Exportações gaúchas crescem para destinos não tradicionais

Apesar da queda de 6,1%no valor das exportações gaúchas, no acumulado de janeiro a agosto, alguns destinos estão apresentando aumento significativo em relação ao mesmo período de 2011. Com exceção dos EUA, esses países não são destinos tradicionais das exportações do RS.

Um mercado que começa, aos poucos, a ganhar espaço nas exportações gaúchas é a Índia, principalmente pela venda de óleo de soja, que passou de US$ 10 milhões em 2011 para US$ 78 milhões em 2012, no acumulado de janeiro a agosto. Outro país asiático que ganhou importância na pauta do Estado foi a Coreia do Sul, impulsionada pelas exportações de farelo de soja, que aumentaram em US$ 48,5 milhões. Esse mesmo produto também puxou as vendas para a Romênia, em US$32,5 milhões no período.

A Nigéria, que é o principal destino do arroz do RS, teve um bom crescimento nas exportações desse produto, que aumentou em US$ 24,6 milhões em relação a 2011. O desempenho nas vendas de arroz para o Benin (+US$ 26,5 milhões) tornou o país o terceiro principal destino do produto gaúcho. Para os Emirados Árabes, houve um crescimento das exportações de trigo em US$ 73,7milhões, tornando-se o principal produto vendido para esse país.
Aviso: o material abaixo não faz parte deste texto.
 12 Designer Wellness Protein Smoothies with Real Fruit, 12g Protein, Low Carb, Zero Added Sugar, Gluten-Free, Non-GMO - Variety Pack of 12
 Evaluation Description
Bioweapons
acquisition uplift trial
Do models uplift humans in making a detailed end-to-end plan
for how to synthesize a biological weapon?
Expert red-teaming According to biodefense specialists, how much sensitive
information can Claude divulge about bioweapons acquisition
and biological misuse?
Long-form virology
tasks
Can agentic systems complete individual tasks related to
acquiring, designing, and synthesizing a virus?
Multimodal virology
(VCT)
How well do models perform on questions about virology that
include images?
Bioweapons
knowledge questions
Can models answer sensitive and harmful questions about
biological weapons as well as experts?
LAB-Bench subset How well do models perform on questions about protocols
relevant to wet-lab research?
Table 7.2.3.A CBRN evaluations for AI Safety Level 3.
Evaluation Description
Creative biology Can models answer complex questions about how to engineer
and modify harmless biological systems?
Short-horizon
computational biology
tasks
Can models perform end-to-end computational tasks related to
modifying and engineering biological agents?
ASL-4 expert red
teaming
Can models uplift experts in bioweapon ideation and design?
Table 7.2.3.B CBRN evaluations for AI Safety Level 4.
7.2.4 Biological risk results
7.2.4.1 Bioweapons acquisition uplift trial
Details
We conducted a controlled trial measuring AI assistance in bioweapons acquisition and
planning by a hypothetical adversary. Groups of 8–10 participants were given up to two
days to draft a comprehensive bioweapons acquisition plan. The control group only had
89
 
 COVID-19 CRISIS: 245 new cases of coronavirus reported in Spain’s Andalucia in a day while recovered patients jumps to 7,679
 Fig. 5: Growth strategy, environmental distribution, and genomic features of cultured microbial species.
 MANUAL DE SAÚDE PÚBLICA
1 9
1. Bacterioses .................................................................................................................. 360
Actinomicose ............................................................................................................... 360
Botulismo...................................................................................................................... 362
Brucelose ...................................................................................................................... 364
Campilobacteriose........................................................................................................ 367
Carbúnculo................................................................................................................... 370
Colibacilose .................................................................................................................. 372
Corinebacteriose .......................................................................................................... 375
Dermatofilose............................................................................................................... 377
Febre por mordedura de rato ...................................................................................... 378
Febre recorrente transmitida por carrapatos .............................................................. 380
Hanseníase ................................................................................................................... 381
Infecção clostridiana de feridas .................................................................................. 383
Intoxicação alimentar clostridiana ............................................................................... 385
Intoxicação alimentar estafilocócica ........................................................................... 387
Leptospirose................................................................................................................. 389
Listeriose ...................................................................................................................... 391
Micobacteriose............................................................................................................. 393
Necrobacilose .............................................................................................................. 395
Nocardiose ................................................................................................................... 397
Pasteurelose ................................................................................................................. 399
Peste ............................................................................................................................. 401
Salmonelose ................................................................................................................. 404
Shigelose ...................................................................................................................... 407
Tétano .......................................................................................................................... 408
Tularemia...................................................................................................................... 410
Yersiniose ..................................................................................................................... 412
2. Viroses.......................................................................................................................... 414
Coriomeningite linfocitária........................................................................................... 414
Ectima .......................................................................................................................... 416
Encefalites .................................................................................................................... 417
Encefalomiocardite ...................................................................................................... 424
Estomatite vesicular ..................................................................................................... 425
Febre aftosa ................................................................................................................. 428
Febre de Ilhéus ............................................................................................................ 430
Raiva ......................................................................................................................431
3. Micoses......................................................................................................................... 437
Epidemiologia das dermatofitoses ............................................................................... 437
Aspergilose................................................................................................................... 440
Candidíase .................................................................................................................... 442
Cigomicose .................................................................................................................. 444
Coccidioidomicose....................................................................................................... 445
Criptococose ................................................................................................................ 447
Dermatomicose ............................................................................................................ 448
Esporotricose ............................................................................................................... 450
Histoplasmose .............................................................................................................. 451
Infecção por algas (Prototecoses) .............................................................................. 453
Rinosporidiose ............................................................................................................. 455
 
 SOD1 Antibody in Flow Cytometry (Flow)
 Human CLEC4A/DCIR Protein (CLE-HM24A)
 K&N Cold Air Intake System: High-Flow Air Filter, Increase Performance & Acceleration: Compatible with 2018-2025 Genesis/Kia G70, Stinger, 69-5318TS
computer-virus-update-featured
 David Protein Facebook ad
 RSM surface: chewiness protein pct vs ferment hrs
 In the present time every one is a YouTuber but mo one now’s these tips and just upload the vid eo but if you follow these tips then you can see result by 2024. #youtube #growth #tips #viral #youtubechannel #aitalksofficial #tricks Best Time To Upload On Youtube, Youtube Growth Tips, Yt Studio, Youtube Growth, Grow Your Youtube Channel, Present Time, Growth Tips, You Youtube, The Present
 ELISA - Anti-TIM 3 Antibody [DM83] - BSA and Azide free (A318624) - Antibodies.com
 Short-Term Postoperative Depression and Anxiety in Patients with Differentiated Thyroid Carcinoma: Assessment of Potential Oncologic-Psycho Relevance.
Além disso, as exportações de óleo de soja para esse país também tiveram um bom desempenho, com um aumento de US$ 9,8 milhões. Já o crescimento das exportações gaúchas para a Ucrânia ocorreu devido ao aumento na venda de carne suína, que encontrou, no país, uma alternativa ao embargo russo a esse setor.

Na América Latina, enquanto o total de embarques para os três principais parceiros (Argentina, Uruguai e Paraguai) apresentou uma queda no acumulado do ano de 18,7%, houve um importante aumento para Chile, Venezuela e Equador. A venda de ônibus, com um aumento de US$ 56,2 milhões, foi o que puxou as vendas para o Chile. No mercado equatoriano, o Estado vem ganhando espaço na venda de farelo de soja. Já para a Venezuela, os maiores ganhos ocorreram na venda de construções pré-fabricadas de metal.